→ **EXERCISE INPUTS**
<<<<

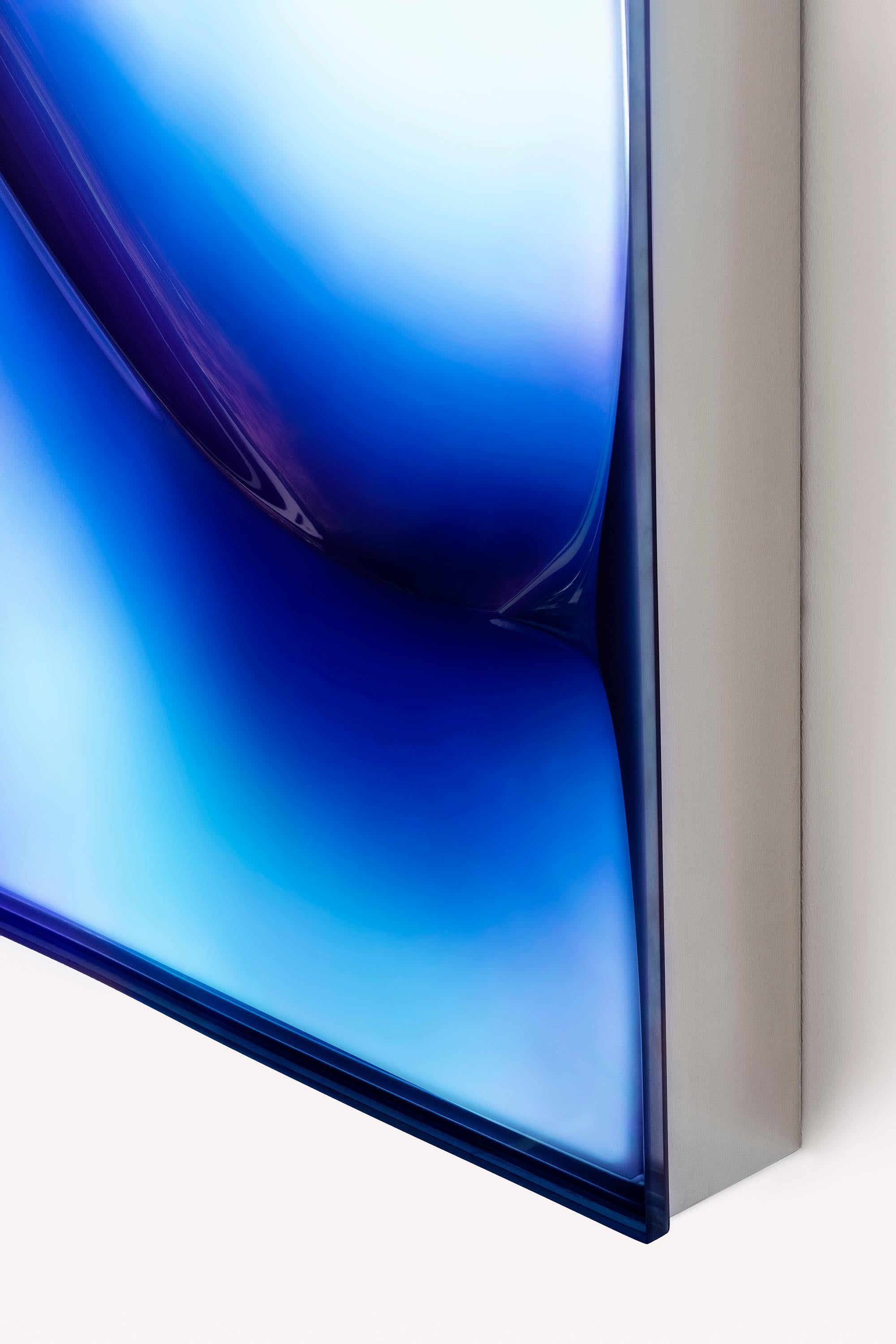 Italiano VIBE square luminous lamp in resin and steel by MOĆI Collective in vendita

>>>>
<<<<

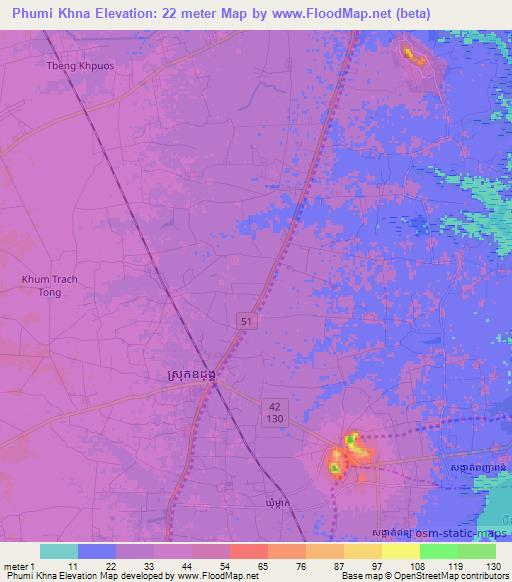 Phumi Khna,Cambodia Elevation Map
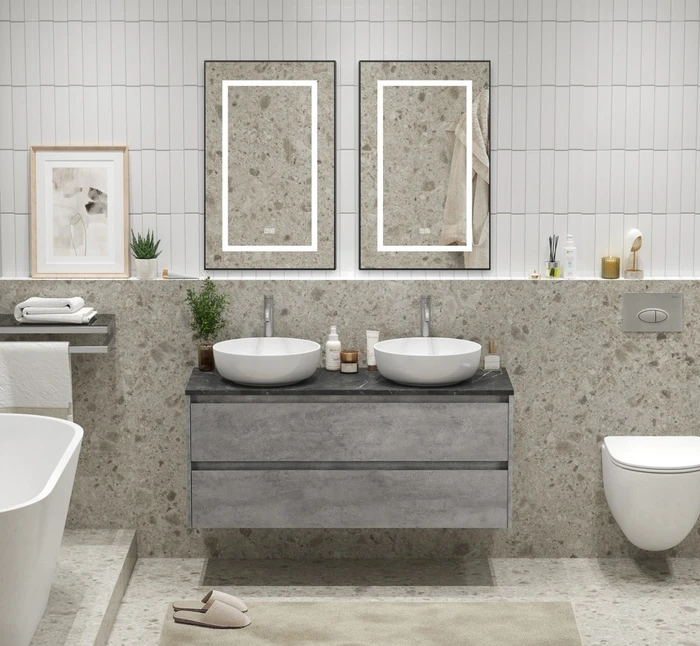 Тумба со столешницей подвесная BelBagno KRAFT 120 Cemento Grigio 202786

>>>>

→ **DIRECTIONS FOR THIS TASK**
Output exactly, and only, the lines of the entries above from the one with "Phumi Khna,Cambodia Elevation Map" up to and including the one with "Тумба со столешницей"; pictures are to be left out.

→ **WRITTEN RESPONSE**
 Phumi Khna,Cambodia Elevation Map
 Тумба со столешницей подвесная BelBagno KRAFT 120 Cemento Grigio 202786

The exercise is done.